Work instructions
Please repeat each line below exactly, with no images in the copy.
───── Supplied data
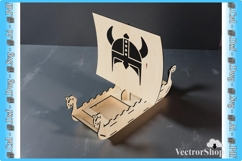 Viking ship for laser cutting, restaurant table decoration Product Image 2
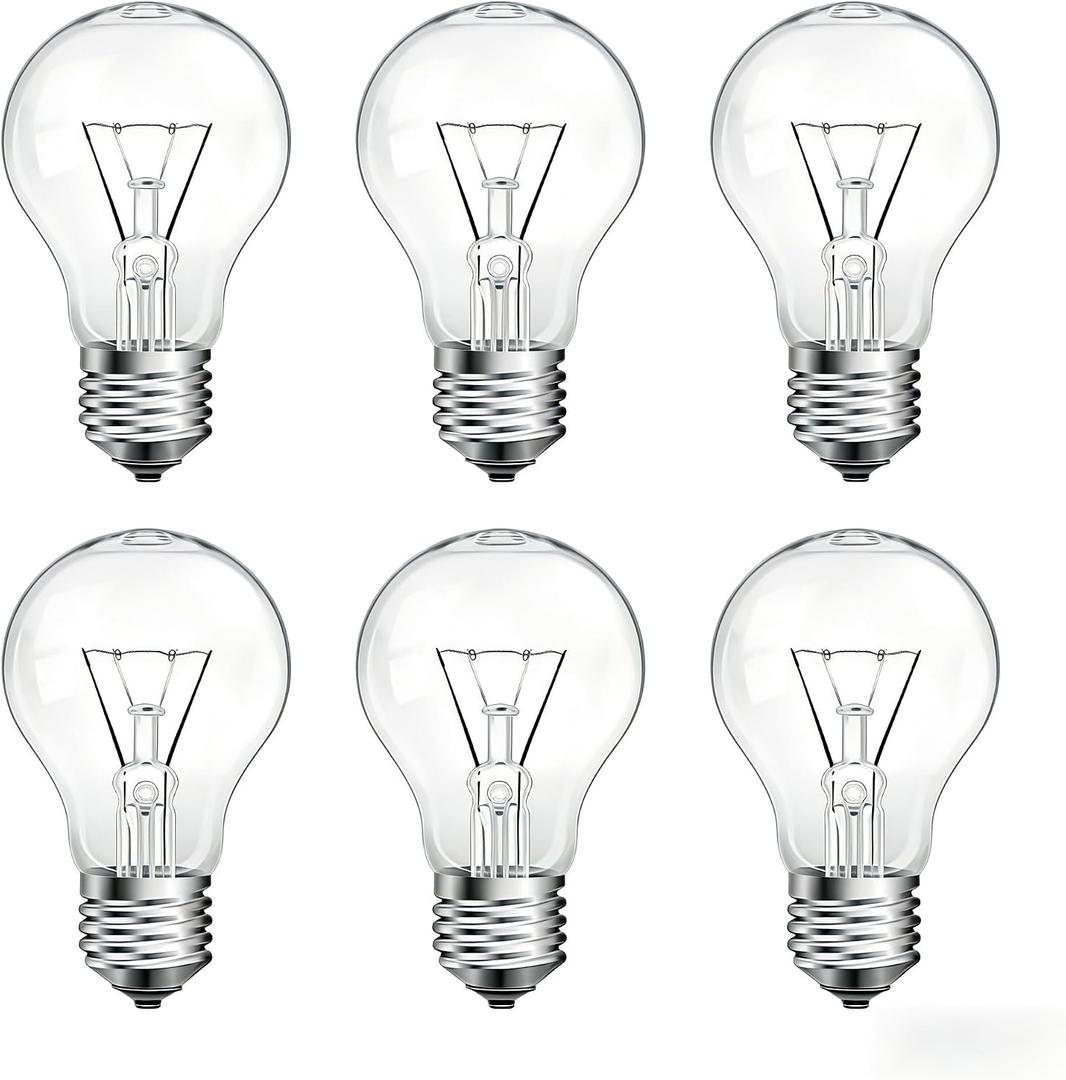 60 Watt Incandescent Light Bulbs, A19 60 WATT Incandescent Bulb Shatter Resistant Rough Service Light Bulb 60 W A19 Shape, Soft White-6Pack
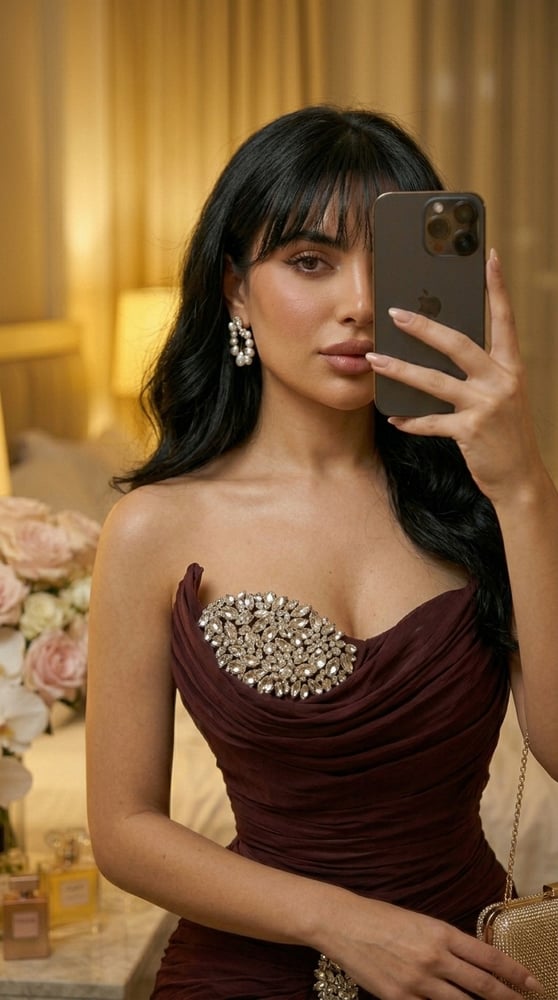 فستان سهرة عنابي درابيه أنيق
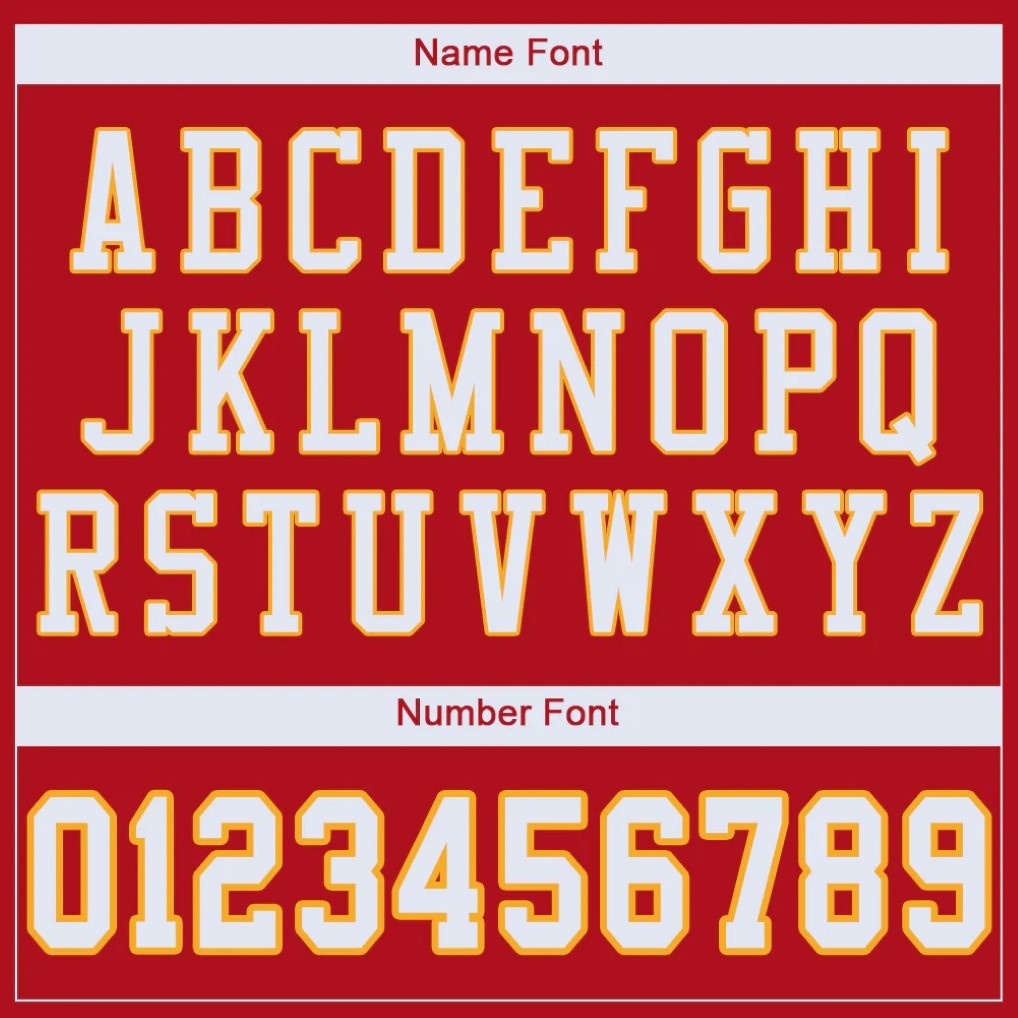 Player name and number font options for Custom Red White-Gold Mesh Football Jersey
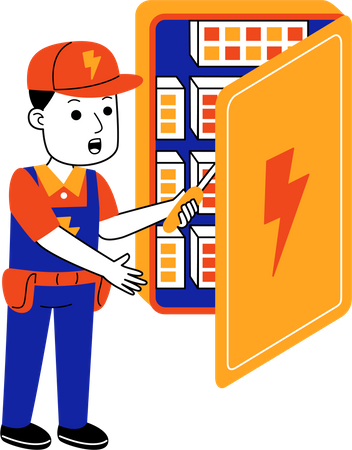 Male Electrician repairing electrical box  Illustration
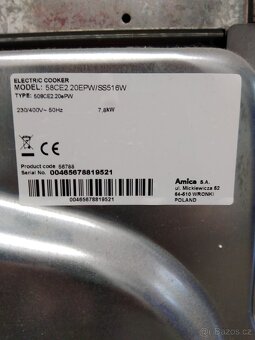 AMICA sporák sklokeramický 58ce2 20epw/ss516w - 5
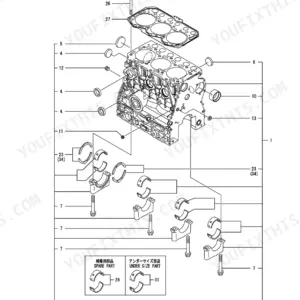 Yanmar 3TNV74F-SPTB, P-TB216EBA exploded view diagram of the cylinder block, main bearings, and head gasket components.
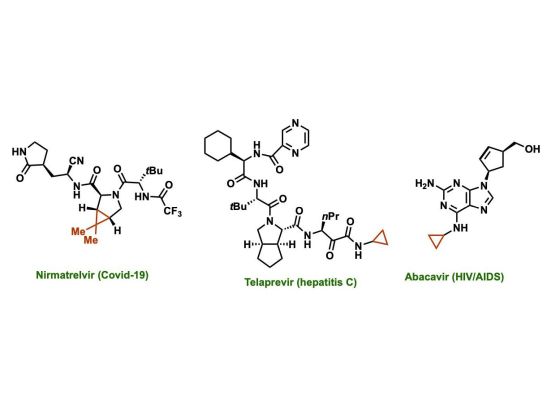 Cyclopropanes are ring of three connected carbon atoms that occur in many drugs currently approved by the FDA, including those used to treat COVID-19, asthma, hepatitis C, and HIV/AIDs. On a chemical diagram, they appear as a triangle (noted here in red), with a carbon atom at each point of the triangle. One of the carbon atoms is attached to the rest of the drug molecule and the other two are each attached to two hydrogen atoms. <strong>Credit: Giri Lab / Penn State. Creative Commons 3 chemicla diagrams of drug molecules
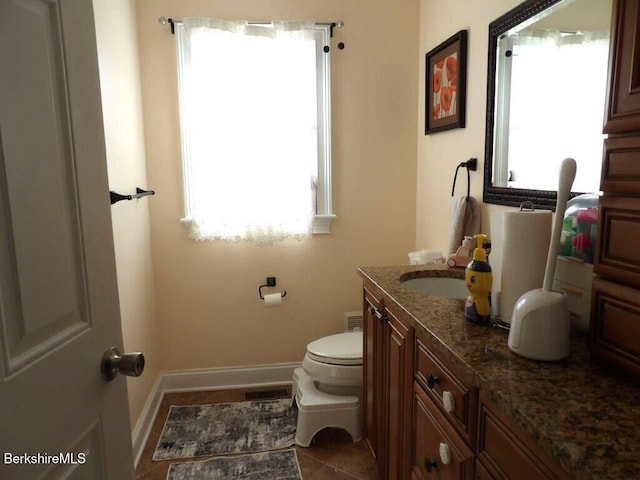 bathroom featuring tile patterned flooring, toilet, visible vents, vanity, and baseboards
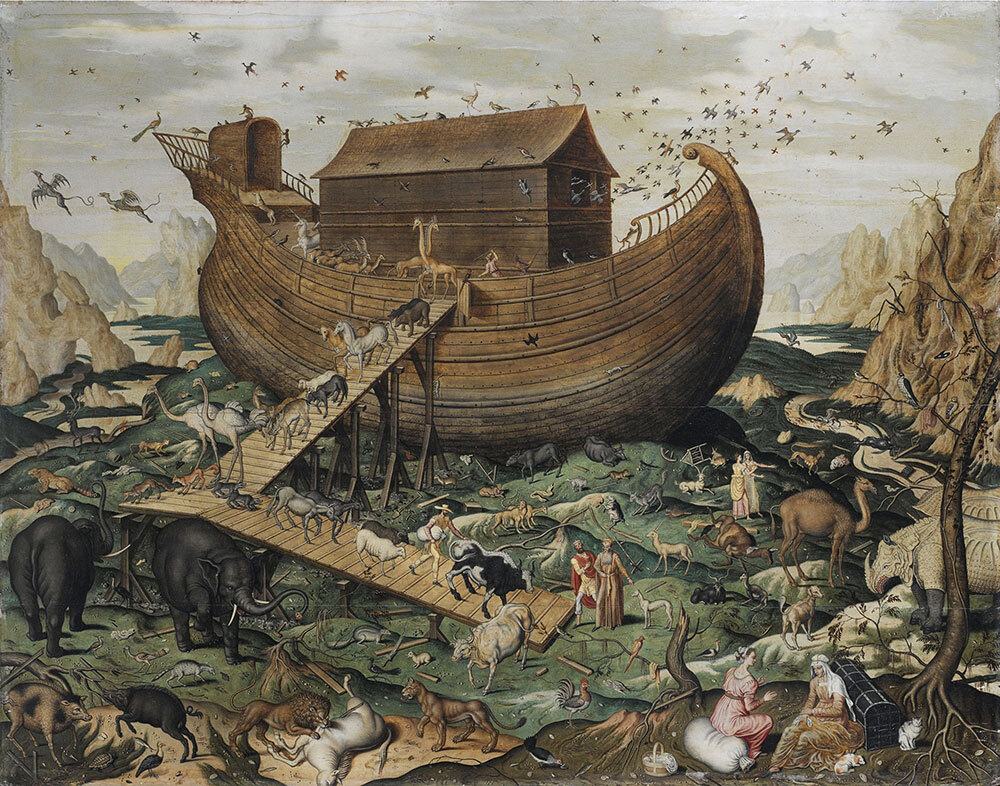 An illustration of the Biblical story of Noah's Ark with animals disembarking two-by-two.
──────────
Exercise answer
 Viking ship for laser cutting, restaurant table decoration Product Image 2
 60 Watt Incandescent Light Bulbs, A19 60 WATT Incandescent Bulb Shatter Resistant Rough Service Light Bulb 60 W A19 Shape, Soft White-6Pack
 فستان سهرة عنابي درابيه أنيق
 Player name and number font options for Custom Red White-Gold Mesh Football Jersey
 Male Electrician repairing electrical box  Illustration
 AMICA sporák sklokeramický 58ce2 20epw/ss516w - 5
 Yanmar 3TNV74F-SPTB, P-TB216EBA exploded view diagram of the cylinder block, main bearings, and head gasket components.
 Cyclopropanes are ring of three connected carbon atoms that occur in many drugs currently approved by the FDA, including those used to treat COVID-19, asthma, hepatitis C, and HIV/AIDs. On a chemical diagram, they appear as a triangle (noted here in red), with a carbon atom at each point of the triangle. One of the carbon atoms is attached to the rest of the drug molecule and the other two are each attached to two hydrogen atoms. <strong>Credit: Giri Lab / Penn State. Creative Commons 3 chemicla diagrams of drug molecules
 bathroom featuring tile patterned flooring, toilet, visible vents, vanity, and baseboards
 An illustration of the Biblical story of Noah's Ark with animals disembarking two-by-two.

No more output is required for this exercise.